Work order =>
Retype only the lines running from the beginning of the entries below to the line with "Any more questions?", both included. Do not include pictures.
[Data under study — start]
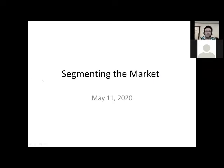Good morning. Today we are going to talk about segmenting the market. Segmenting the market is one of the three steps in the STP process — segmenting, then targeting, and then positioning. That's the final step. And all of this is part of market targeting. We're going to talk about segmenting and the two ways to do that, which will be segmenting by demographic and also segmenting by psychographics.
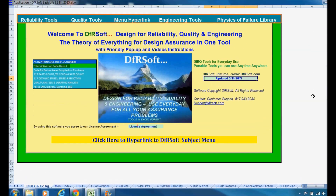Hi, welcome to DFRsoft's instructional video on acceleration factors. I'm Dr. Alec Feinberg, founder of DFRsoft, and we're going to be talking about acceleration factors specifically today. So when you open up DFRsoft,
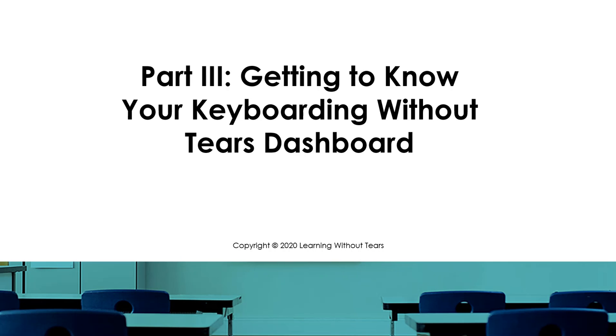This video provides information for parents who received a Keyboarding Without Tears license for their child or children to use at home. If you have not yet set up your child's account, please refer to the Getting Started resources on our Distance Learning page and then return to this video when you're ready for more features offered to you as a parent in the PlusLiveInsights dashboard.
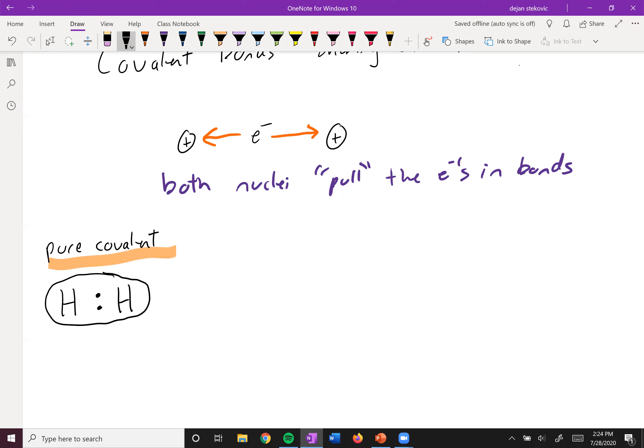On the exact opposite end of the spectra, we could have one of these nuclei pull much harder than the other one, so hard that it just rips this electron away from it.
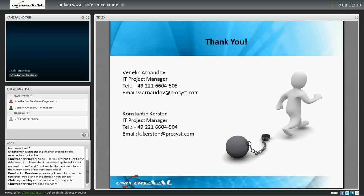Any more questions? If not, then thank you, and you can always write us an email — the email addresses are on the slide. I wish you a good rest of the week. Thank you and bye.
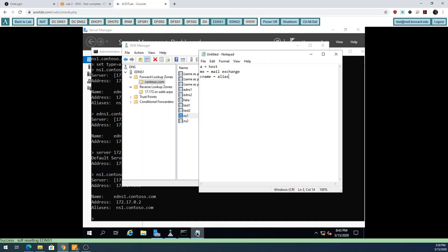So, an A record is a host record - send in a name, get back an IP. MX is a mail exchange record - send in a domain name, get back the email servers for that domain. A canonical name record, CNAME, or alias is like a host record - you send in a name and it sends back the actual name of the server, the actual IP, and the alias name that you sent in.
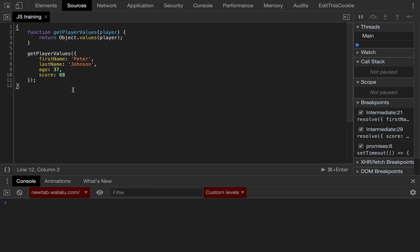So that will return an array of four values: Peter, Johnson, 38, and 68. Here we go.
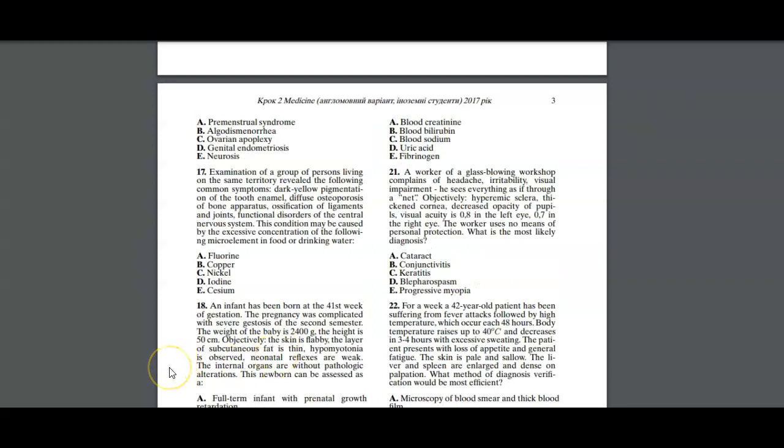I'll move on to the next question. We have question 21. What is the most likely diagnosis? A worker of a glass blowing workshop. So occupation is important. Glass blowing workshop. Complains of a headache, irritability and visual impairment. He sees everything as if it's a net. The objective examination revealed a hyperemic sclera, a thickened cornea, decreased opacity of the pupils, and visual acuity which is decreased 0.8 in the left eye and 0.7 in the right eye. The worker uses no means of personal protection.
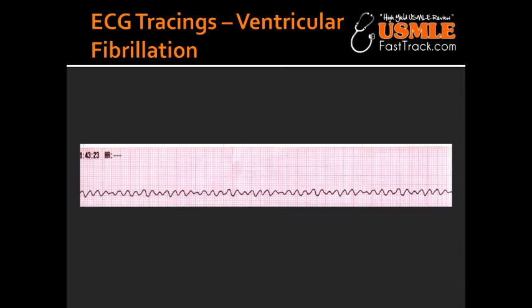What is Ventricular Fibrillation? Ventricular fibrillation is a completely erratic rhythm with no identifiable waves. The end result of Ventricular Fibrillation can be a very fatal arrhythmia.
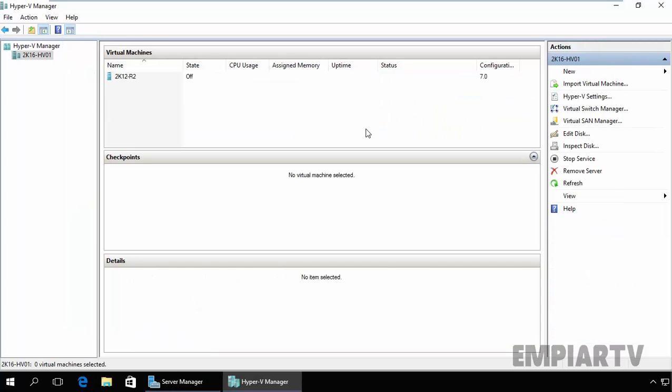So that's it for this demonstration. In the next video we will see how to install a guest operating system inside the Hyper-V virtual machine. Thanks for watching this video.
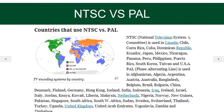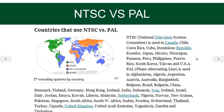Countries where PAL is used include Canada, Australia, Bangladesh, Brazil, China, and India — all follow PAL.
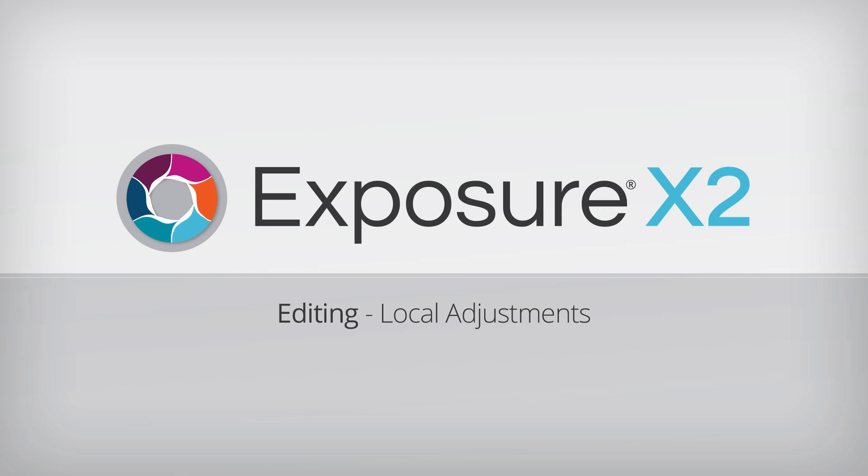Hey, this is Jimmy Beach with Alien Skin Software. In this video, we're going to talk about local adjustments and show you how to make them in Exposure.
[Data under study — finish]
Your solution =>
Good morning. Today we are going to talk about segmenting the market. Segmenting the market is one of the three steps in the STP process — segmenting, then targeting, and then positioning. That's the final step. And all of this is part of market targeting. We're going to talk about segmenting and the two ways to do that, which will be segmenting by demographic and also segmenting by psychographics.
Hi, welcome to DFRsoft's instructional video on acceleration factors. I'm Dr. Alec Feinberg, founder of DFRsoft, and we're going to be talking about acceleration factors specifically today. So when you open up DFRsoft,
This video provides information for parents who received a Keyboarding Without Tears license for their child or children to use at home. If you have not yet set up your child's account, please refer to the Getting Started resources on our Distance Learning page and then return to this video when you're ready for more features offered to you as a parent in the PlusLiveInsights dashboard.
On the exact opposite end of the spectra, we could have one of these nuclei pull much harder than the other one, so hard that it just rips this electron away from it.
Any more questions? If not, then thank you, and you can always write us an email — the email addresses are on the slide. I wish you a good rest of the week. Thank you and bye.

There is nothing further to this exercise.